Wednesday, February 6, 2013 by Caroline Casals

Ever wonder what GMRI scientists do on vacation?  More science! (ok, sometimes we do).

I recently returned from a botanical study of Costa Rica!  In Costa Rica, pura vida means "pure life", but is used all the time whenever something is cool or great.  That's a fitting phrase for a country that is famous for its rich plant and animal diversity, including the famous rain and cloud forests.  For our study we traveled all over the country and studied the different plants that lived in the different environments there, including the hot humid rainforest on the pacific coast,

the cooler cloud forest in one of the country's central mountain ranges,

the cold paramó or alpine zone, at the top of the Talamanca mountain range,

and the hot dry forest in the north.  

That's an awful lot of diversity for a country that is roughly half the size of Maine! 

 

So how does such a tiny country have so many different environments?  The answer lies in two different factors: altitude and weather!

 

Altitude!? You mean we have to carry this stuff up a mountian!?

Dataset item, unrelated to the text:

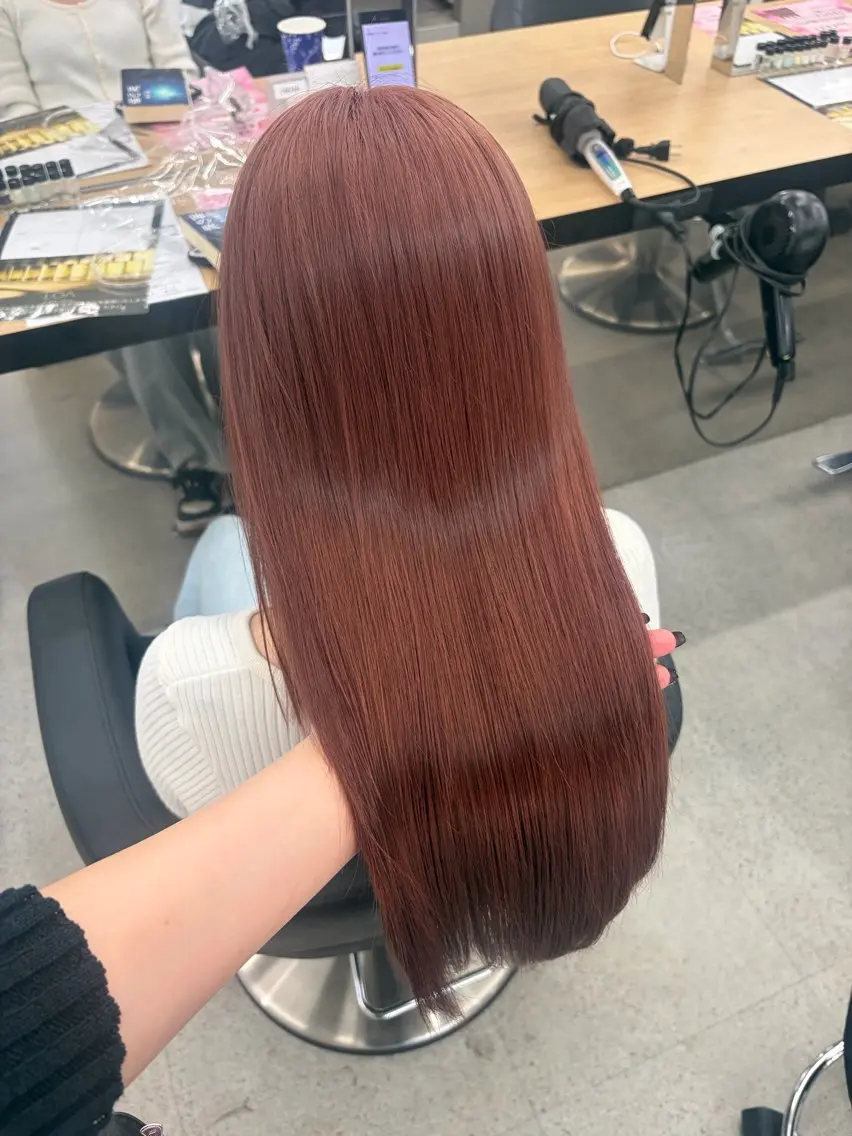 ロング カラー ブリーチ 髪質改善 トリートメント ヘアカラー 💗愛され暖色💗 ピンク/レッド💗のヘアスタイル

In the tropics, the main reason that you might experience a change in temperature is due to altitude.  The higher up you are, the colder it gets.  So in the paramó at 13,000 feet, you might even have to worry about frost!

Wait, frost!? You said you were taking me on a nice hot beach vacation! 

The other factor is weather, or more specifically, rainfall.  In some places like Corcovado national park, where I camped, the annual rainfall can be as high as 200 inches a year!  Other places, like Guanacaste province where we visited the dry forest, can get as little as 60 inches a year.  That’s a huge difference in a really little country!

OK, I’m confused, somebody explain please!

The secret behind this climatological magic trick is what’s called a “rain shadow”.  Rain shadows are usually caused by big mountain ranges, which Costa Rica has lots of.  The weather usually moves in one direction, in Costa Rica it’s east to west, and the moisture gets dumped on the windward side of the mountains which means that the leeward side, or backside of the mountains, only gets a little bit of the leftover moisture.

I drink your moisture... I drink it up....

All this diversity in environments means that there are lots of different habitats for all of Costa Rica’s plants and animals to live in!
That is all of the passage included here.